Are there ways to compute what chemicals kill a give bacteria but not another given bacteria ? Does that help much to make medication ?
1 Answer
The basic idea is sound, and is used to some degree; however, there are significant difficulties inherent in "tailoring" a chemical to selectively target certain organisms and not others.
There are three things that a chemical can do that make it toxic to cellular life:
- Rip some vital chemical to shreds. Chlorine and other light halogens (fluorine, iodine) are huge here, because they have such high electron affinity that they can tear apart the otherwise relatively stable bonds within most organics, destroying that molecule. The most effective ones don't form any stable compounds; fluorine, for instance, is very effective at shredding organic compounds because it isn't happy just barging in on any one organic molecule and making itself at home; it'll deprotonate this one, split that one in half, before finally binding tightly and insolubly to calcium (robbing your body of that essential mineral).

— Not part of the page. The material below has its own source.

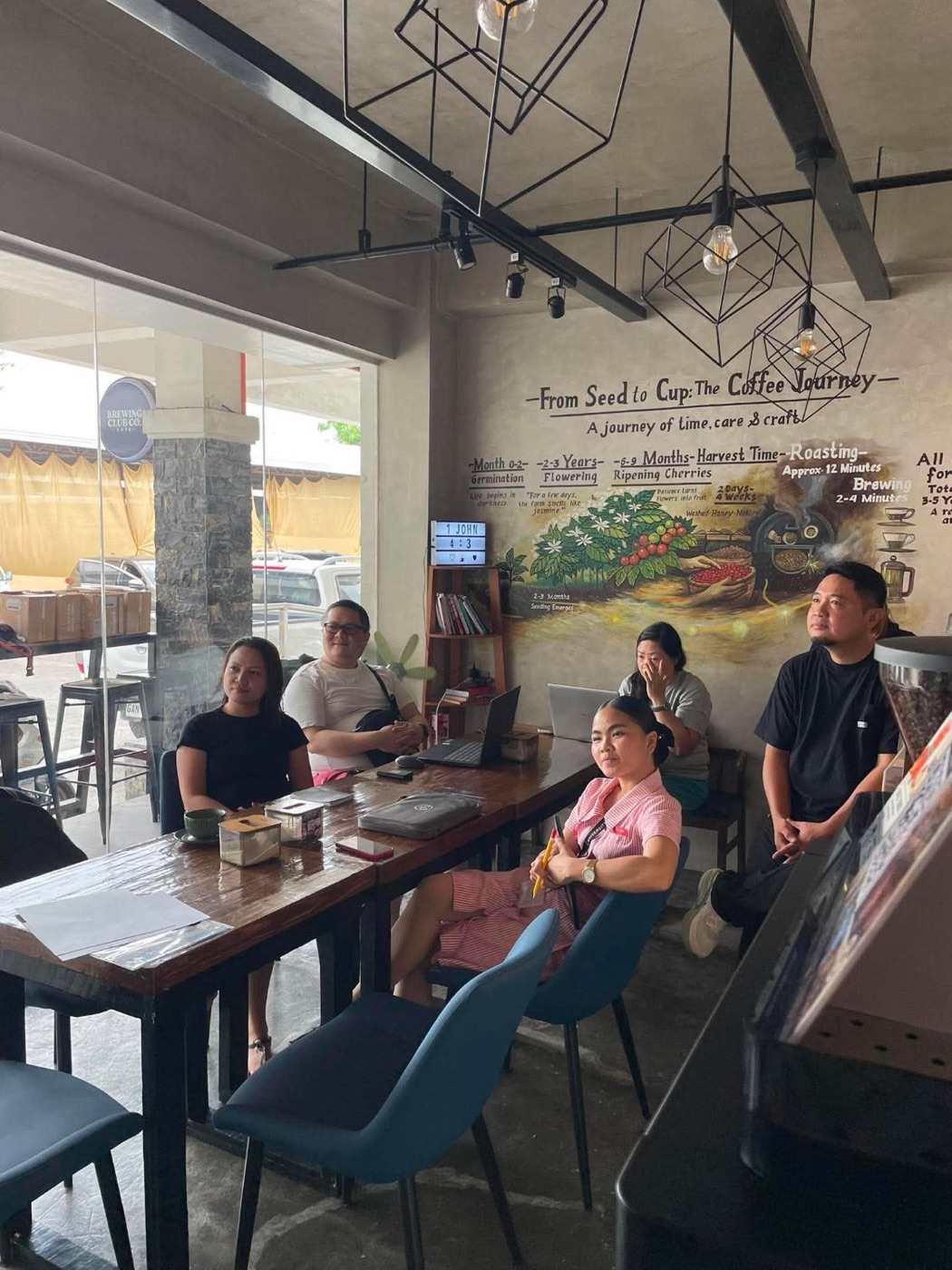 Business owners listening during the AI for Beginners class at Brewing Club Co. Cafe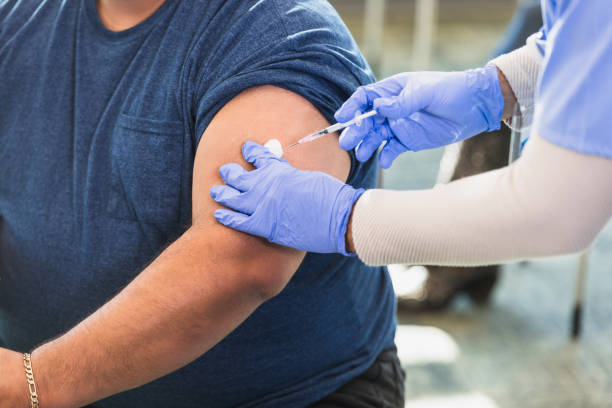istock Healthcare Worker Administering Injection to Patient 2202340976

- Bind to a vital chemical and not let go. Carbon monoxide is a deadly danger to most aerobic organisms because the hemoglobin (or related compound) that loosely binds oxygen for transport to cells will bind more stably with CO, so the chemical can't transport oxygen and can't get rid of the CO. A lot of more selective poisons attach themselves to enzymes, not necessarily destroying them, but preventing the enzyme doing the work it's supposed to. Cyanide is poisonous specifically because it works like (well, it is) a nitrile group, of which there are very many in a lot of inorganic biochemicals, and specifically it targets a key enzyme involved in cell respiration and programmed cell death.
- Mimic a chemical's interaction with a key receptor, causing it to go haywire. Many other "selective" poisons and antibiotics work this way; they fit into the receptor sites that a neurotransmitter or enzyme would, triggering some behavior of the cell, and by flooding the cellular environment with this chemical you cause the underlying programmed reaction to go haywire (or stop completely). A lot of insecticides and pesticides do this; they increase or shut down cell metabolism, or in creatures with a nervous system they mimic or trigger the release of massive amounts of neurotransmitters, basically causing cardiac or respiratory arrest because any normal message to control these actions is completely overridden.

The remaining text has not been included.